[Web page caption snippets]
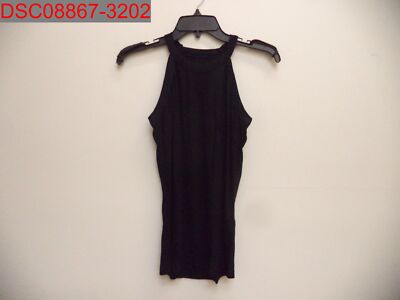 Aytitium Women's Black High Neck Rib Knit Camisole Tank Top, Size L X002YQI3RL
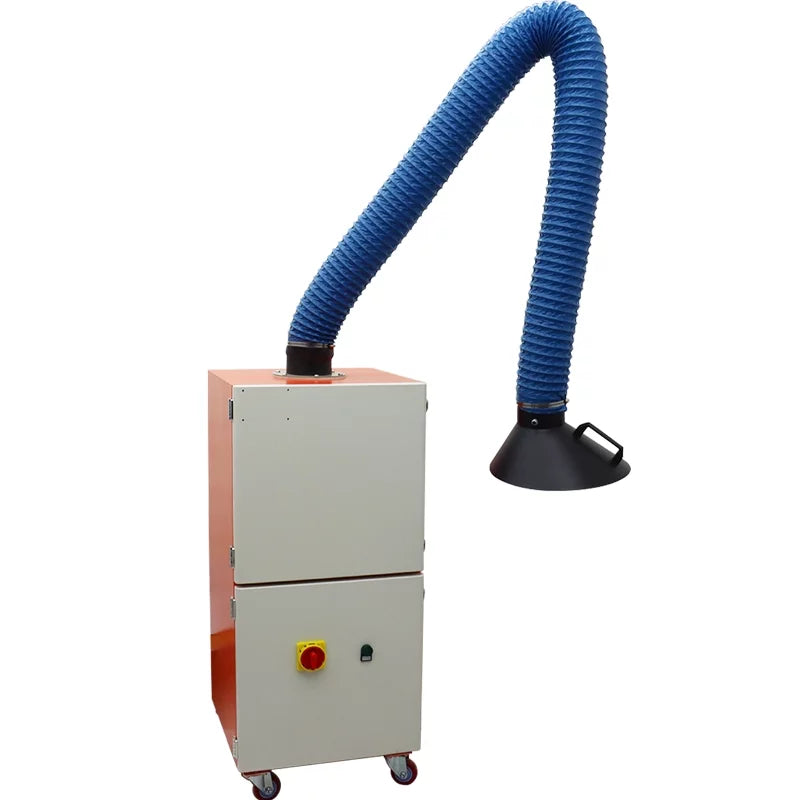 EQCOTWEA Mobile Welding Smoke Purifier Single Arm Welding Fume Extractor 220V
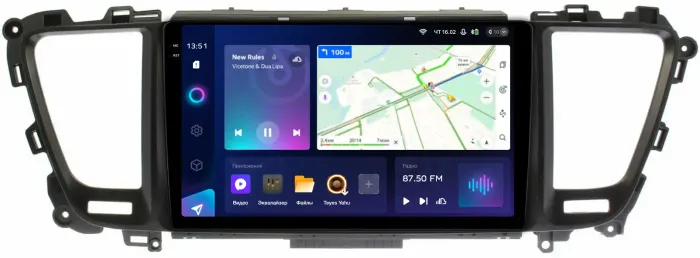 Магнитола для KIA Carnival 3 2014-2020 (большая рамка) - Teyes CC3-2K на Android 10, Быстрая, 2K QLED, CarPlay, 4G SIM-слот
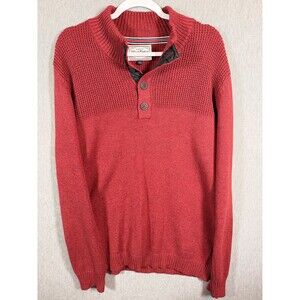 Flag & Anthem Men's Red Heather Ribbed Knit Button Mock Neck Sweater Size L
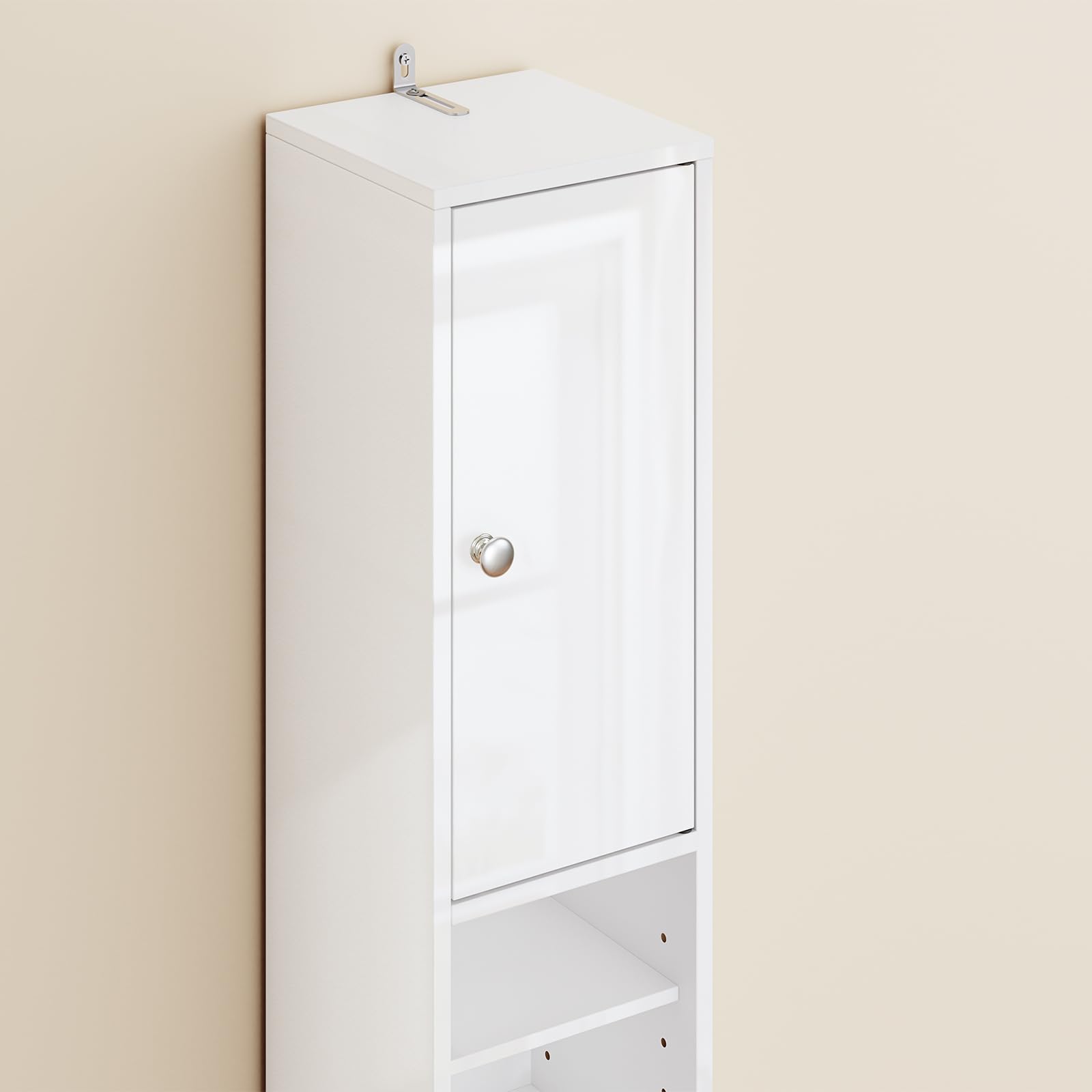SoBuy BZR34-WN Hoge Badkamerkast 20x20x180 cm - Wit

◆ **TASK TO CARRY OUT**:
Repeat the records in full, exactly as they appear, without the pictures.

◆ **TASK RESULT**:
 Aytitium Women's Black High Neck Rib Knit Camisole Tank Top, Size L X002YQI3RL
 EQCOTWEA Mobile Welding Smoke Purifier Single Arm Welding Fume Extractor 220V
 Магнитола для KIA Carnival 3 2014-2020 (большая рамка) - Teyes CC3-2K на Android 10, Быстрая, 2K QLED, CarPlay, 4G SIM-слот
 Flag & Anthem Men's Red Heather Ribbed Knit Button Mock Neck Sweater Size L
SoBuy BZR34-WN Hoge Badkamerkast 20x20x180 cm - Wit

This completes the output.